Turning to non-GAAP results. Non-GAAP operating income for the first quarter was $17.7 million or 23% of revenue. Non-GAAP diluted EPS was $0.21 per share for the quarter, up 45% from the $0.14 in the same period last year. We incurred $450,000 in expenses related to the acquisition of Syncova, and we have excluded these costs in our calculation of non-GAAP financial measures to ensure comparability between the periods.

Turning to the balance sheet and cash flow. As of March 31, we had $141 million in cash, cash equivalents and marketable securities, down $11 million from the balance at December 31, resulting from the cash outflow of just under $25 million for the Syncova acquisition, net of all the cash inflows from our operations.

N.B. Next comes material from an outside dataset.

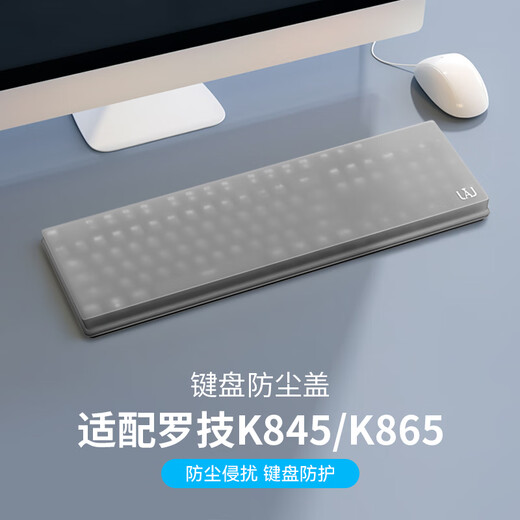 Logitech Tastaturabdeckung für K845 K865 Giveaway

Operating cash flow for the quarter was $11.6 million, down from $12.5 million in the first quarter of last year. Our first quarter operating cash flows have historically been 10% to 16% of annual cash flows because of relatively lower collection coupled with the payout of prior year-end bonuses and commissions.

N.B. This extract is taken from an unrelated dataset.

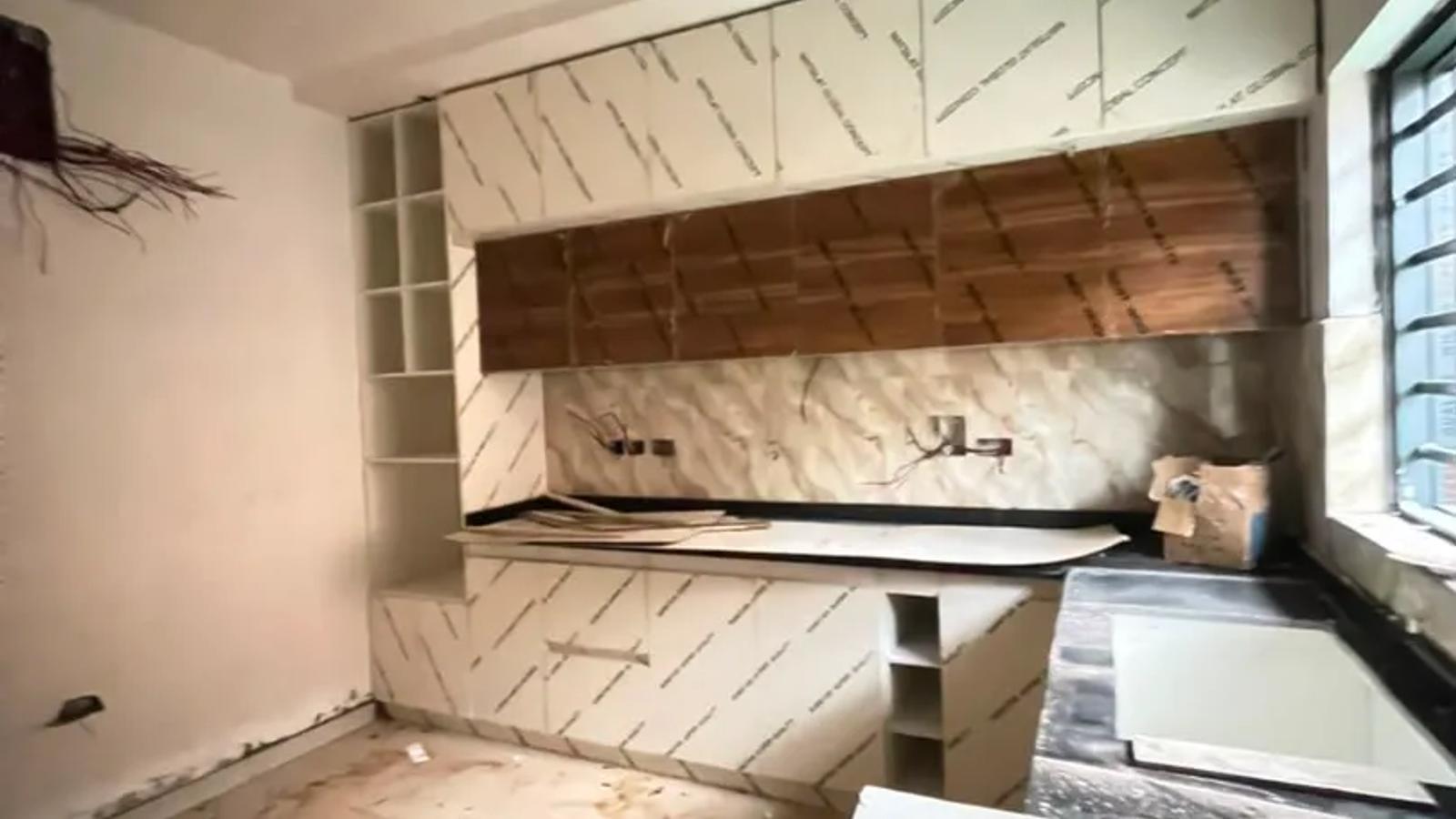 4 Bedroom Fully Detached Duplex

In fact, in the first quarter, the effective working capital changes reduced our cash flow by $4.5 million, which we expect to reverse in the second quarter. Deferred revenue was $156.5 million, up $2.3 million from last quarter, primarily due to the additional billings in the quarter.

Before turning to guidance, just 1 last item to discuss about the results of the first quarter. We received the final sale proceeds of $3 million related to our sale of MicroEdge subsidiary, which we held in escrow. Therefore, our discontinued operations recorded a $1.7 million gain after taxes upon receipt of those proceeds.

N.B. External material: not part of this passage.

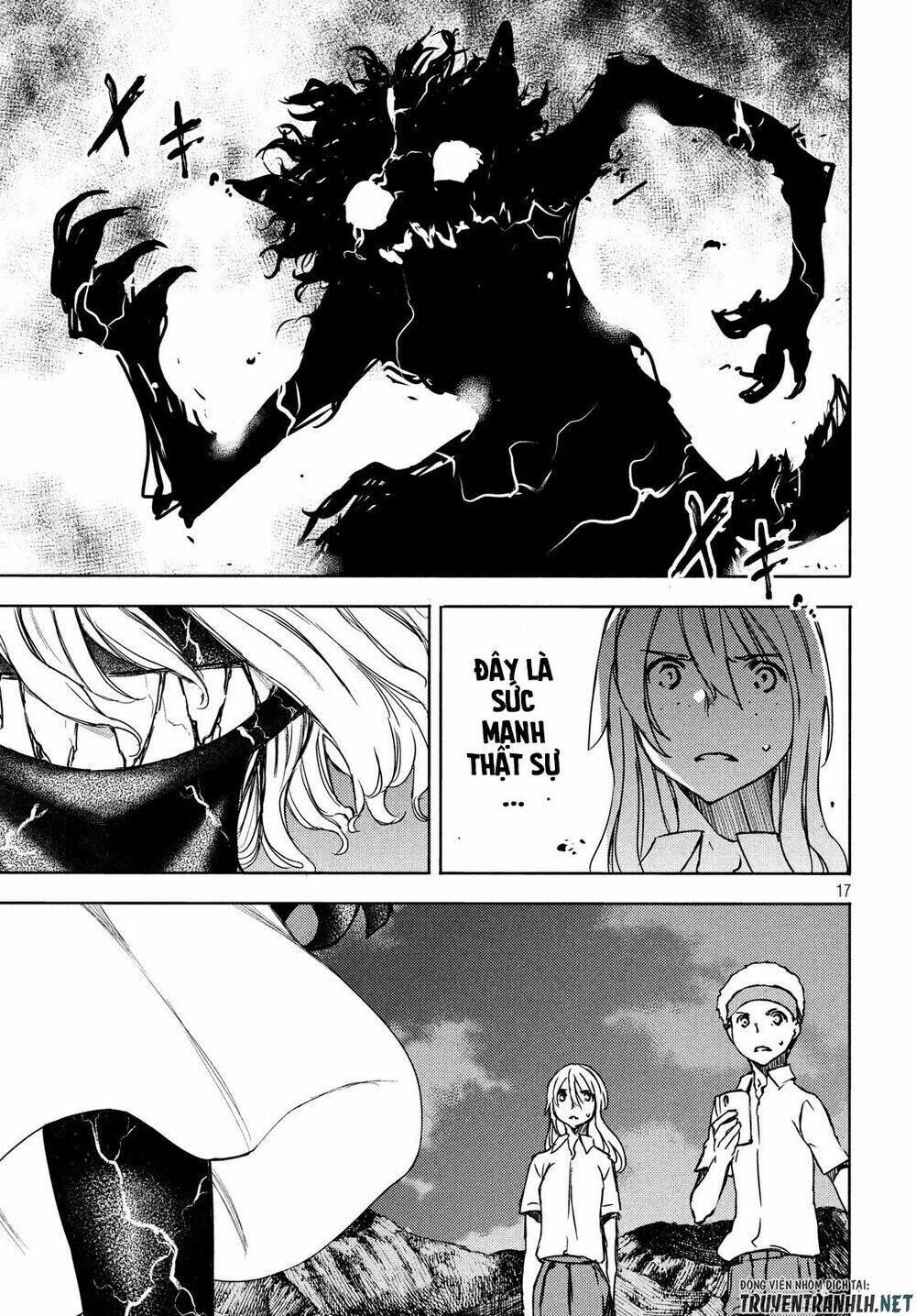 gleipnir - sợi xích thần chapter 54 20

Turning to guidance. I'll be making additional forward-looking statements, so I'll remind you of the Safe Harbor statement in Heidi's opening remarks.

In the second quarter, we expect revenue to be between $75 million and $77 million, up 8% to 11% over the same period last year. For the full year, we are increasing our revenue guidance by $3 million to an updated revenue range of $310 million to $317 million, representing an increase of 9% to 12% over 2010 revenue. This increase is due to a partial year-end revenues we expect to recognize from the Syncova sales as well as the impact from the robust renewal rate we experienced in the fourth quarter.

We expect the renewal rate we'll disclose next quarter, which will relate to the first quarter of 2011, will be a few points lower than the 95% disclosed this quarter. We are aware of a certain client that will attrit this quarter who gave us notice a couple of years ago. We expect the renewal rate to then continue its improvement back to the mid- to high-ish 90s by the end of this year.

In summary, we are pleased with our performance in the first quarter and believe it's a good start to 2011. We grew revenue and profit, demonstrated continuing operating leverage while continuing to invest in our business for the future. Now, let me turn the call back to Stephanie.

Stephanie DiMarco

Thank you, Jim. As you've heard, Advent had a strong first quarter. New bookings were $5 million. We're very encouraged by the pipeline and the level of sales activity we see around the world, and we expect bookings to grow on a full-year basis.

Top line revenue grew 13%, and profitability is up 39%. Demand for our solutions remains strong both with new customers and the existing client base. We're successfully executing on our strategy to grow the business outside North America with a 17% of revenue coming from international clients in the quarter.

We added international clients across all our core products: Geneva, Tamale, APX, Moxy and Tradex. United Investment Bank in Dubai chose APX, Moxy and Tamale making Advent their primary provider for they are relying on to run their entire Asset Management business.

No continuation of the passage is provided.